One advantage of relying on queue lengths for auto-scaling is that services can scale independently, helping to minimize the “noisy neighbor” issue. You have an opportunity to “tune” the app by adjusting the queue length thresholds. But choosing the right threshold for each queue isn’t as simple as it sounds. The length of the queue is determined by the arrival rate of new messages and the average processing time for each message, both of which are highly dynamic based on runtime conditions. How can you decide what is the best value for each queue length?

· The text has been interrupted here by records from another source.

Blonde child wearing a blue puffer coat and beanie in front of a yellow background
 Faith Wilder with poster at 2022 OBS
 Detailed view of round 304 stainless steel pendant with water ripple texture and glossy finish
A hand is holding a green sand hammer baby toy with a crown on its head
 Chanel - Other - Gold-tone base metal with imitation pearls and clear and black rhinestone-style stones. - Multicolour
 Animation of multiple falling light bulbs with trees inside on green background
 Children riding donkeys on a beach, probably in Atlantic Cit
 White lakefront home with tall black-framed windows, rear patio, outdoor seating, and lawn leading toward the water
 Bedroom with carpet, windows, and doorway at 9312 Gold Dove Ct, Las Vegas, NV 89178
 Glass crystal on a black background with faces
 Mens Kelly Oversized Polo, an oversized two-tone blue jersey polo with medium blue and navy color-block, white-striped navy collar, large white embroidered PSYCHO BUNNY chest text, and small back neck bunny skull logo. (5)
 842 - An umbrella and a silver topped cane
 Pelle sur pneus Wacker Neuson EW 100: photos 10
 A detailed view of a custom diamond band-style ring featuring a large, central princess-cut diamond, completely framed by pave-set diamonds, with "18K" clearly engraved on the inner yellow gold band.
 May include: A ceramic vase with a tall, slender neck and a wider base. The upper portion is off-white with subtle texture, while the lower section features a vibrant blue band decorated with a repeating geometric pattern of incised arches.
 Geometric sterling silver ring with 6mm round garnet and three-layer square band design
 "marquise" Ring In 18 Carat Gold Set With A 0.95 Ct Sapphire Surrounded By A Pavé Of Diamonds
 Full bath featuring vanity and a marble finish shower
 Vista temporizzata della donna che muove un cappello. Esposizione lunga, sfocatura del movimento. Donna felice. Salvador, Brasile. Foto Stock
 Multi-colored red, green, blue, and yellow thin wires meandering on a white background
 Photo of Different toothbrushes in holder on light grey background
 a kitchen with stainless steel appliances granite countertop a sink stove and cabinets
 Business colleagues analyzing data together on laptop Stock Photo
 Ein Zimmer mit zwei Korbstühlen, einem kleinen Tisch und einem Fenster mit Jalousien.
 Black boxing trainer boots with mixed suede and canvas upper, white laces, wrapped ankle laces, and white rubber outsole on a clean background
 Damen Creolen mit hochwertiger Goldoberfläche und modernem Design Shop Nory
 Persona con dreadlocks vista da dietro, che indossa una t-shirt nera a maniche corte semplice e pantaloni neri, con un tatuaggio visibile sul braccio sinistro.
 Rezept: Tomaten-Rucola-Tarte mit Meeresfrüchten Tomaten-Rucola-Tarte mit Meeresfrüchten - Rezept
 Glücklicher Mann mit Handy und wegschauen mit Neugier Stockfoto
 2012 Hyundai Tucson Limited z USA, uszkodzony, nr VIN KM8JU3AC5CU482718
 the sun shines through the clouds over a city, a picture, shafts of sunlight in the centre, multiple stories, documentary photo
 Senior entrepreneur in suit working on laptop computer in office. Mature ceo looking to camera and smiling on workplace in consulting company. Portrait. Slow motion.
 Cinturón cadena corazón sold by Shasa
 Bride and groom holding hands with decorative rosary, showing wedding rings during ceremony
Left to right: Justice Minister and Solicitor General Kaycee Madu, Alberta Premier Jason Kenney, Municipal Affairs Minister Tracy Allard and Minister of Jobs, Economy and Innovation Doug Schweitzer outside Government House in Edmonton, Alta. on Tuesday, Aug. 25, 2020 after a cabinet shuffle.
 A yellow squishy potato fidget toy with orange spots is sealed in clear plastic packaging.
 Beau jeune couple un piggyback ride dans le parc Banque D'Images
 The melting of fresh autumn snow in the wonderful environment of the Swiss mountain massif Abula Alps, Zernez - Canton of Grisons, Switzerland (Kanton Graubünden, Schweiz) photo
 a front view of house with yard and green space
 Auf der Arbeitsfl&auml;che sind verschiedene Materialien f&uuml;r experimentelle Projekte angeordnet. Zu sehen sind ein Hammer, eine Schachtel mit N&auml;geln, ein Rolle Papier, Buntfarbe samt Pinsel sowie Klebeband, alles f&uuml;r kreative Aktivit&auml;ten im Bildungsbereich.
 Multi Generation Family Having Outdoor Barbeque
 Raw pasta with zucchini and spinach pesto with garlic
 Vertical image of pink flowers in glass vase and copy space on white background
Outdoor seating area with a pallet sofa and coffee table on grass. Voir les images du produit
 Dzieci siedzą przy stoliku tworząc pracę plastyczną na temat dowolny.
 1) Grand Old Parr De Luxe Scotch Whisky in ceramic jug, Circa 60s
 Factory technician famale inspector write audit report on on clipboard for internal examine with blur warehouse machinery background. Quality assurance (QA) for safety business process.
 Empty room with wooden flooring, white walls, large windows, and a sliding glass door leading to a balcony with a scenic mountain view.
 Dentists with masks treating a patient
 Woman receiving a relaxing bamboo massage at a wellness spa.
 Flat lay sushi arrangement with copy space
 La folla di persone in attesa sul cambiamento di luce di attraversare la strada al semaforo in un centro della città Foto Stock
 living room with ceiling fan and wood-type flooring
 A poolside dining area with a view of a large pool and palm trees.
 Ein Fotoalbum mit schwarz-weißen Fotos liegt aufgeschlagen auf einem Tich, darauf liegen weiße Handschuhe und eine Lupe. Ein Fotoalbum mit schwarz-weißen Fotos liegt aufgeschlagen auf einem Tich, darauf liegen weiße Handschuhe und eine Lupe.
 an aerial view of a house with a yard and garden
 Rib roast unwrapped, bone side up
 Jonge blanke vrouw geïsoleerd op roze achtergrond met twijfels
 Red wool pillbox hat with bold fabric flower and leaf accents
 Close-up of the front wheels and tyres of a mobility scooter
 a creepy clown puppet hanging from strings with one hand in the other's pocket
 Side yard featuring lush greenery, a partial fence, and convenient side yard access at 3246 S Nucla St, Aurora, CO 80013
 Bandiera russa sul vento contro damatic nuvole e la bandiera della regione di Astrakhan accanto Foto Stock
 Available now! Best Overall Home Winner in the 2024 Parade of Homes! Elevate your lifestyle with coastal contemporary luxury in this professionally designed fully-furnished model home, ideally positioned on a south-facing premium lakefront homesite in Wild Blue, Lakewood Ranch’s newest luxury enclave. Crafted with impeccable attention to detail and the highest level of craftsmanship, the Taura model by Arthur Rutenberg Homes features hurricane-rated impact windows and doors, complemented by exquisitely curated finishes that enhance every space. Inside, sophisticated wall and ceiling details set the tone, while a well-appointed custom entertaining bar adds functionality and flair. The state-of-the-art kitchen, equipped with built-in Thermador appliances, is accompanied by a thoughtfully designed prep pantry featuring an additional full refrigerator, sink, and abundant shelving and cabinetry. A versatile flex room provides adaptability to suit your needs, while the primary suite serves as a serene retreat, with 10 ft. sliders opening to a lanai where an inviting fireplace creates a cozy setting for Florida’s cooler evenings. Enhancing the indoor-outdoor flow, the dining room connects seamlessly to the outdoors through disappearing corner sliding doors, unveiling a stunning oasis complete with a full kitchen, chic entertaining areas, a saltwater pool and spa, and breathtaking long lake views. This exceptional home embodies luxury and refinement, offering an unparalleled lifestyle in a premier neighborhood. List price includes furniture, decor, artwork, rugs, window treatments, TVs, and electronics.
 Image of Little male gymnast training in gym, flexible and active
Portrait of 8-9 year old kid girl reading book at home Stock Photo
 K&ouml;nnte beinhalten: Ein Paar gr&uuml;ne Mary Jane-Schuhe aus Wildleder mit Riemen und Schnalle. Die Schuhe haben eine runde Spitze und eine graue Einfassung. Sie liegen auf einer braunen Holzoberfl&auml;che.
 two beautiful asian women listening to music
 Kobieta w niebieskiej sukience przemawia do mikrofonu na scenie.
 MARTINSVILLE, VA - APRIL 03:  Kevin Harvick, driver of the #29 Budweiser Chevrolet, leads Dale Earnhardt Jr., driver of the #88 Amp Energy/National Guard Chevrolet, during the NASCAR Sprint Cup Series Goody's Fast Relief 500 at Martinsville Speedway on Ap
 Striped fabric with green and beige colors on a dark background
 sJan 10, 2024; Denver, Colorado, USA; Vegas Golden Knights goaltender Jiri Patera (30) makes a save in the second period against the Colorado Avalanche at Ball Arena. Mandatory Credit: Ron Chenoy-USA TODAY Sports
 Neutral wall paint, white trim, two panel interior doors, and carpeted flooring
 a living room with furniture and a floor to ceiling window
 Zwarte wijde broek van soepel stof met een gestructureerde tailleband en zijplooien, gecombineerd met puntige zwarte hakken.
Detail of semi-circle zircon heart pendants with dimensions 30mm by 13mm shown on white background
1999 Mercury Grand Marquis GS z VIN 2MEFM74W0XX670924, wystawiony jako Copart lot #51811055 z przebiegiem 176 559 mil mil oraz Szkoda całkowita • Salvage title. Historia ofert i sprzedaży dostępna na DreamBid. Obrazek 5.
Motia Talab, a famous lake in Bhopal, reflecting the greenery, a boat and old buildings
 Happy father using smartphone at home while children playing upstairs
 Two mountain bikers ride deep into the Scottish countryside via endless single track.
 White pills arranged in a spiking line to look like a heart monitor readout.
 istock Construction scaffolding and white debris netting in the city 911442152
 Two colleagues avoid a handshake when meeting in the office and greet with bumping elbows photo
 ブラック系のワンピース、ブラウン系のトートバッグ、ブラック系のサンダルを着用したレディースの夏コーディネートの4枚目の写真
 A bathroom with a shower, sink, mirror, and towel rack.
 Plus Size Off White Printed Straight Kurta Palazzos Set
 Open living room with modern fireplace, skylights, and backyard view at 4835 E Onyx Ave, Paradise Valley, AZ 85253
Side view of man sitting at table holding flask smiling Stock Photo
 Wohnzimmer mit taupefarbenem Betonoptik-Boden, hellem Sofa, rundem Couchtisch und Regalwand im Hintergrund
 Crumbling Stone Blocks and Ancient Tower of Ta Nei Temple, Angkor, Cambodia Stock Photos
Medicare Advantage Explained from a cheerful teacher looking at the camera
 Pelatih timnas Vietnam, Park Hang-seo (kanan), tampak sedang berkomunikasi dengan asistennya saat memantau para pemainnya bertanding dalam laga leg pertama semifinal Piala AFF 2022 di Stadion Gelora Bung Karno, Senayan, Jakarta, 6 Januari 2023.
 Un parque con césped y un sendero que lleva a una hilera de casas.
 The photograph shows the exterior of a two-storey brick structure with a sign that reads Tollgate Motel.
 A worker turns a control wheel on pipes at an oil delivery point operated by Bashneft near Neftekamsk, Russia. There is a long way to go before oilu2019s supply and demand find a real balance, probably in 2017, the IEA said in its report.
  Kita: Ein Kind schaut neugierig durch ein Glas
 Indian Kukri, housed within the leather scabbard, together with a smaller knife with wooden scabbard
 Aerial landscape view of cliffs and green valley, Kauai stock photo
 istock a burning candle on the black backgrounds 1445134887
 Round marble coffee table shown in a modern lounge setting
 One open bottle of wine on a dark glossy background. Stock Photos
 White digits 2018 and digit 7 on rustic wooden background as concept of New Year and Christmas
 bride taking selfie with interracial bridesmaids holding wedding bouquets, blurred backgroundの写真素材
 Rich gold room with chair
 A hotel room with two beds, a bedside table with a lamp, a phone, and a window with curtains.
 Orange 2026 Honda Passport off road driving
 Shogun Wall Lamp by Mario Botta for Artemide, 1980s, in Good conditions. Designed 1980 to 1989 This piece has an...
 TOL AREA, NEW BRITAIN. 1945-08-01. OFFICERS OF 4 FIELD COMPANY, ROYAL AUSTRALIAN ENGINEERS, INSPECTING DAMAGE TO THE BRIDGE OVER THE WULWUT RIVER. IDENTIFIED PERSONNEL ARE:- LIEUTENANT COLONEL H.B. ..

There is a fairly rigorous way to answer this question called Transaction Cost Analysis (TCA). TCA can be too costly and time-consuming for the relative value of the answers it can provide in this context. A rough and ready approach may be just as good, given that traffic patterns are constantly evolving anyway. You can do this by testing your services under sufficient load to cause the queue to grow, and then measuring both the (input) queue length and the average processing latency for the consuming service. By gradually increasing the arrival rate, you can see what the queue length is when wait times become unacceptable.
If you are auto-scaling your services with Azure Monitor, both Azure Storage and Azure Service Bus expose a queue length metric that it can use for this auto-scaling strategy.
If your services will be hosted in Kubernetes, you will need the custom metrics Stackdriver adapter and the HorizontalPodAutoscaler (HPA).
Even if you are writing front end services for Azure API Management instances, you can still take partial advantage of this strategy. Azure Monitor will auto-scale your APIM instances based on a composite metric called capacity. This composite includes consideration of the incoming request queue length for each API. If in doubt, favor the lower end of the scale because these instances take some time to spin up.
Finally, for those of you who can do the math, the ideal auto-scaling metric is actually the rate of acceleration of queue length increase or decrease over a period of time i.e. the second derivative. This figure could be used to auto-scale predicatively, but so far no orchestrators are that smart. Maybe you can drop a note in the suggestion box for your favorite autoscaler!